One encouragement to those of us who are called to praise God and lead others in the same, is just how long this has been going on.  We often highlight David’s court as an example of praise in the highest order. Yet a quick look into Genesis reveals that this has been going on a really long time.

In Genesis 4:17-22 we have a listing of some of Cain’s descendants.  Check out verse 21 where we are introduced to Jubal.  “…He was the father of all those who play the harp and flute.” (NKJV) Wow.  This enables us to pinpoint the use of instruments in praise and worship to as early as the 7th generation from Adam.  I don’t know about you but that gets me really excited!  (Being a guitar player, knowing that stringed instruments existed as early as the 7th generation gets me extra stoked.)  I’ll also point out that the number 7 represents perfection in Kingdom accounting.

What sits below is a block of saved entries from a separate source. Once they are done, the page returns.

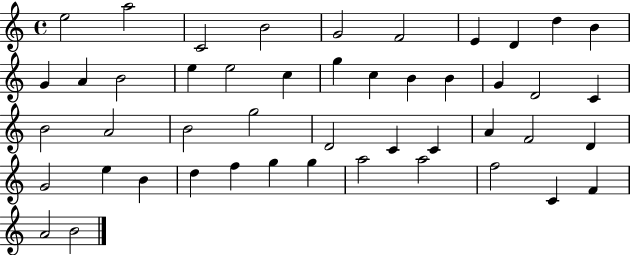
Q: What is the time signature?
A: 4/4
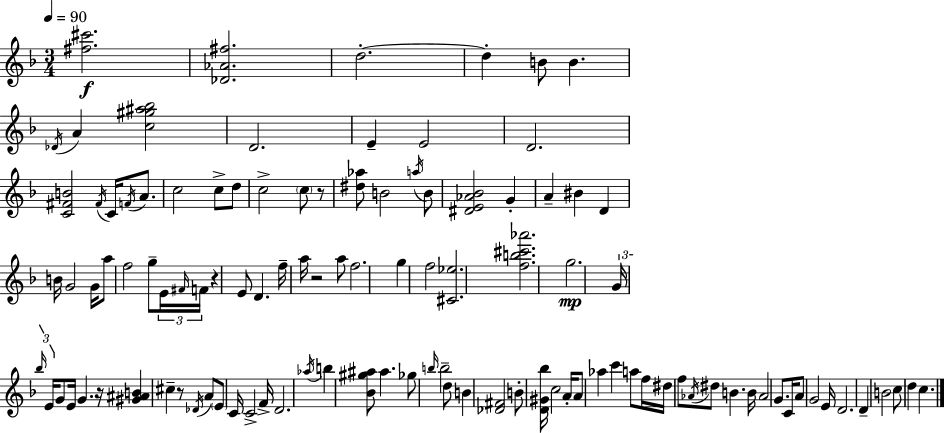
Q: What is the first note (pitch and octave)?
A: D5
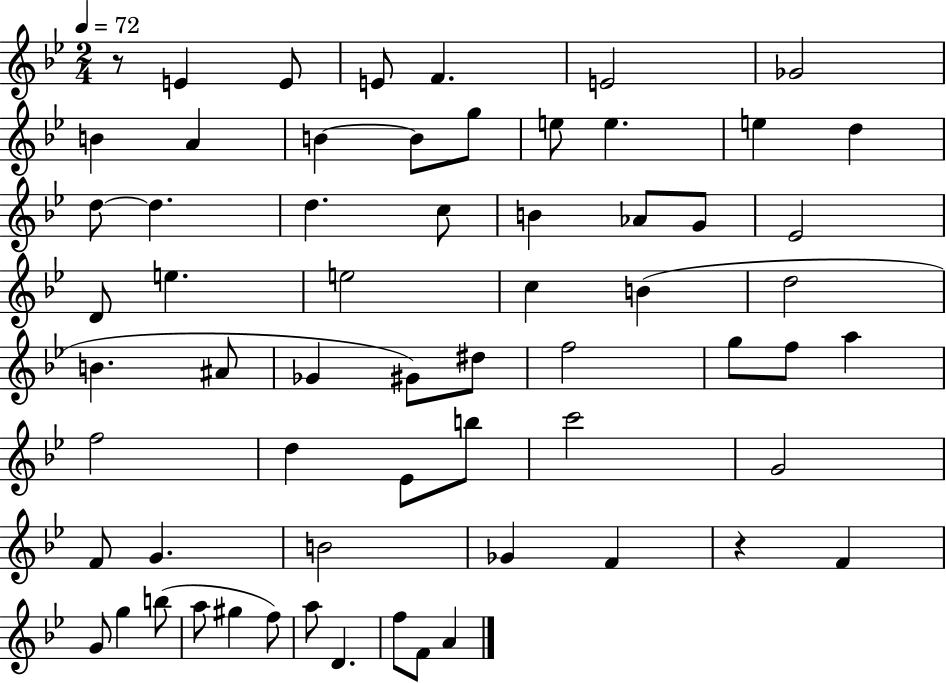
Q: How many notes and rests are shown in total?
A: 63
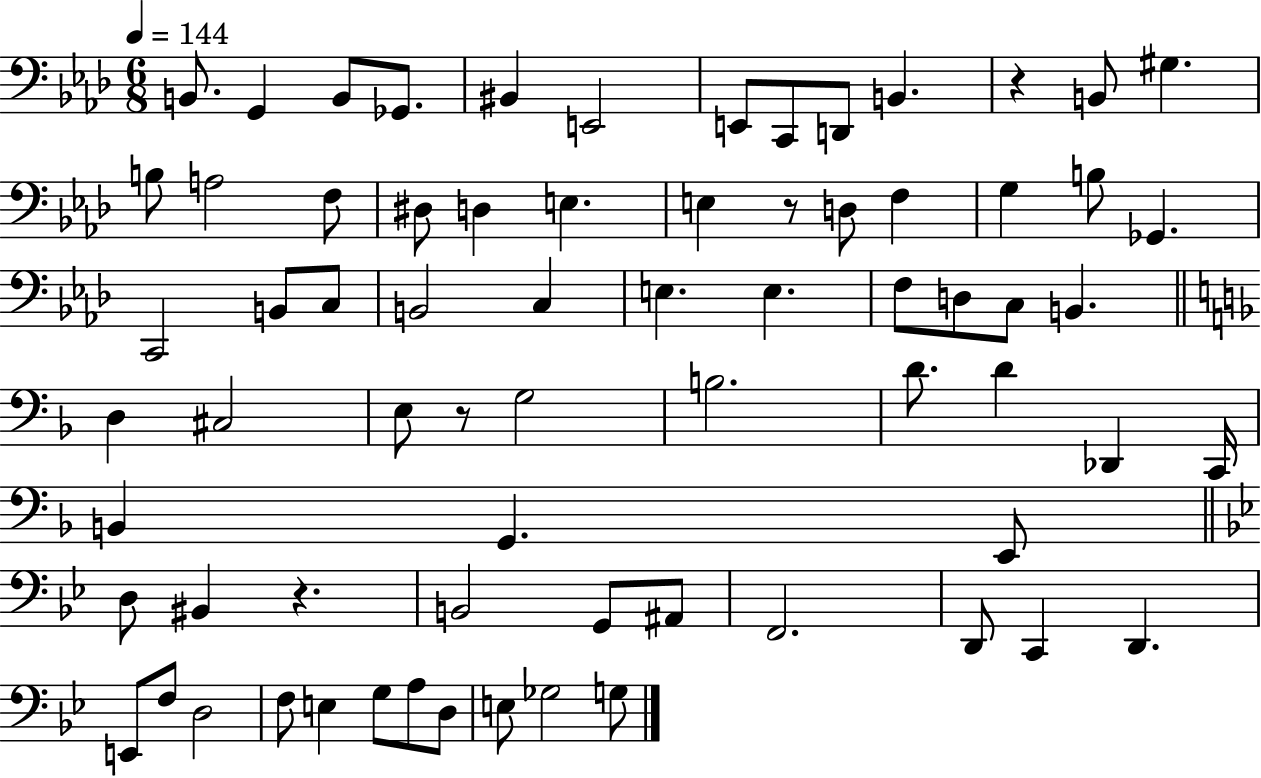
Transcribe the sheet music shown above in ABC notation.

X:1
T:Untitled
M:6/8
L:1/4
K:Ab
B,,/2 G,, B,,/2 _G,,/2 ^B,, E,,2 E,,/2 C,,/2 D,,/2 B,, z B,,/2 ^G, B,/2 A,2 F,/2 ^D,/2 D, E, E, z/2 D,/2 F, G, B,/2 _G,, C,,2 B,,/2 C,/2 B,,2 C, E, E, F,/2 D,/2 C,/2 B,, D, ^C,2 E,/2 z/2 G,2 B,2 D/2 D _D,, C,,/4 B,, G,, E,,/2 D,/2 ^B,, z B,,2 G,,/2 ^A,,/2 F,,2 D,,/2 C,, D,, E,,/2 F,/2 D,2 F,/2 E, G,/2 A,/2 D,/2 E,/2 _G,2 G,/2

Secondly, a few verses later there is an amazing statement.  In verse 26 we read “That’s when men and women began praying and worshipping in the name of GOD.” (The Message)  By reading further and adding up the age when Adam fathered Seth, and then Seth fathered Enosh, we can estimate something just over 235 years from the creation of man to when humans began corporate worship of GOD.

A little over 200 years from the dawn of creation and people congregated in worship.  Only seven generations passed and musical instruments were used in worship.  This leaves no doubt in my heart that music is God invented, God inspired, and God purposed.  Does this encourage anyone else out there?  Let me know!